Maybe if Jesus came back, he could be our President. Nope, sorry…he was born in Judea. Which of course, since you are imbeciles and don’t know where that is, it’s modern day Palestine…or…Israel...or something.

*Glenn Beck and Rush Limbaugh. It’s fine to be a guy who wants to earn ratings and money, but seriously…Do you have to be people who call Obama a racist and an “angry black man”? Argue Obama’s policies; not his skin color. Of course, you might have to actually think to do that. So, nevermind.

*Chicks who leave the toilet seat down. I need it up. It ain't all about you, Bitches.

*Women (mainly) with six kids in a van who go to a Drive-Thru of any type and once they get there ask, “Gee kids, what do you want?” Either decide before you get there or TELL the damn rug rats what they want. There are people behind you who are either starving and/or dying of thirst!!

Oh, there are many more, but I do not want to burden you with negative things on such a positive karma kinda day.

In fact, before I leave, I want you to know that in honor of this day of positivity, I am going to hook up with Dick Cheney, toss a few back with him, and then we are going to go roll some drunk, crippled homeless people.

I’ll shoot video.

Cheers!!

Thursday, April 23, 2009

Bagwine Ruminations Presents: Schmoop!!

Helllloooo!! I’m Schmoop and I welcome you all to the first installment of:

Dispatches From My Ass*…

So first out of the box, what’s with wedding and funerals? Sorry, Seinfeld reference. I’m watching it now, and there were so many good points.

I am a firm believer that everything in our lives can somehow be traced back to one of the many Seinfeld episodes.

Ponies for instance. Who has a pony? If you do, or you did, do you still? And why?

I mean the poop alone would put me off. Not to mention the big ass, glassy looking eyes. I have enough problems with our cat, Corky, zoning off.

Now, weddings…Good Lord!!

Why pay all that money for gowns, dinner, gifts, bridesmaids, etc. For what?


So you can live with this person, whom I guarantee you will fucking hate in eight months?

Do as I do. Shack the fuck up for almost nine years, and have a blast!


Save money, still in love, and the sex never gets old. Novel idea, no?

Funerals? Same thing. Do you even know you’re dead? I don’t think so.

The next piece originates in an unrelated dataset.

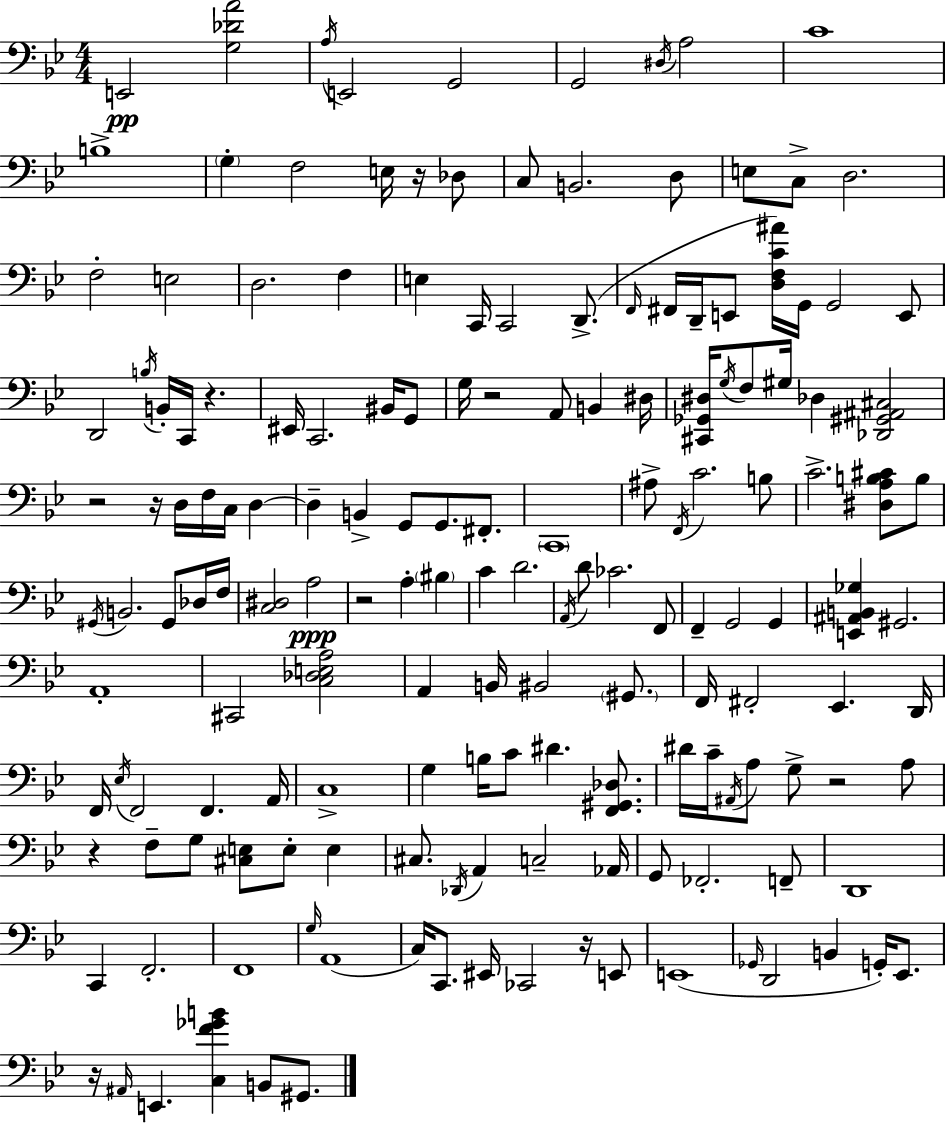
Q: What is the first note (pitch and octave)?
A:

Even if you do, would you like a whole bunch, or in my case not a whole bunch of people, crying and looking at your redesigned dead body in a box?

I know my Dad did not appreciate the showing at his funeral.

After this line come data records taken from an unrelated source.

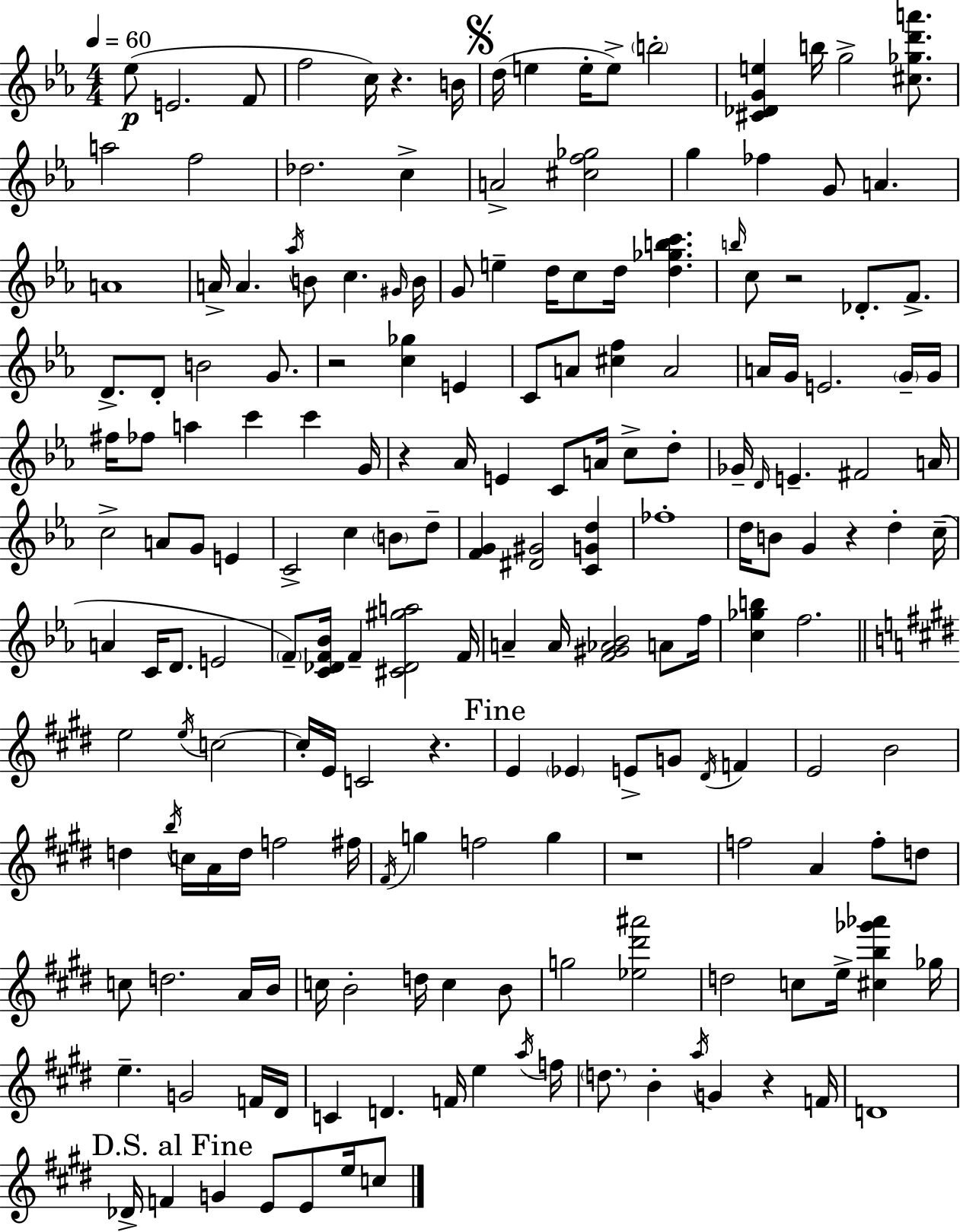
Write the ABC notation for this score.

X:1
T:Untitled
M:4/4
L:1/4
K:Cm
_e/2 E2 F/2 f2 c/4 z B/4 d/4 e e/4 e/2 b2 [^C_DGe] b/4 g2 [^c_gd'a']/2 a2 f2 _d2 c A2 [^cf_g]2 g _f G/2 A A4 A/4 A _a/4 B/2 c ^G/4 B/4 G/2 e d/4 c/2 d/4 [d_gbc'] b/4 c/2 z2 _D/2 F/2 D/2 D/2 B2 G/2 z2 [c_g] E C/2 A/2 [^cf] A2 A/4 G/4 E2 G/4 G/4 ^f/4 _f/2 a c' c' G/4 z _A/4 E C/2 A/4 c/2 d/2 _G/4 D/4 E ^F2 A/4 c2 A/2 G/2 E C2 c B/2 d/2 [FG] [^D^G]2 [CGd] _f4 d/4 B/2 G z d c/4 A C/4 D/2 E2 F/2 [C_DF_B]/4 F [^C_D^ga]2 F/4 A A/4 [F^G_A_B]2 A/2 f/4 [c_gb] f2 e2 e/4 c2 c/4 E/4 C2 z E _E E/2 G/2 ^D/4 F E2 B2 d b/4 c/4 A/4 d/4 f2 ^f/4 ^F/4 g f2 g z4 f2 A f/2 d/2 c/2 d2 A/4 B/4 c/4 B2 d/4 c B/2 g2 [_e^d'^a']2 d2 c/2 e/4 [^cb_g'_a'] _g/4 e G2 F/4 ^D/4 C D F/4 e a/4 f/4 d/2 B a/4 G z F/4 D4 _D/4 F G E/2 E/2 e/4 c/2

His pre-corpse words were, and I quote...


“Hey Girlie, burn me, stick me in a beer can, and put me on the ice box.”

Unfortunately, Mommmmm didn’t want to do that. She is such a killjoy.

When I die, just throw me atop a bonfire. Hell, my liver should keep the pyrotechnics glowing for days.

If Matt wants to utter a brief eulogolical (is that a word?) remark such as, “She was the best pussy I ever had.” That’s cool too.

However, he’ll probably reserve that post-mortem accolade for when our zoned-out cat, Corky, kicks the bucket. Bastard.

Where was I? Oh yea, inside my own fucked up head. Sorry about the language. It’s French, right? Right? OMG the voices!!

I have no point really. Just that I hate weddings, funerals…..and obviously….ponies.

Thank you and come again…

Zoves,

Schmoop


*I really liked all of the title ideas you guys came up with for my entries, however…Matt-Man liked his, Dispatches from my Ass idea best (naturally).

As not to harm his massive, yet fragile ego, I went with that. God, it’s so hard living with him.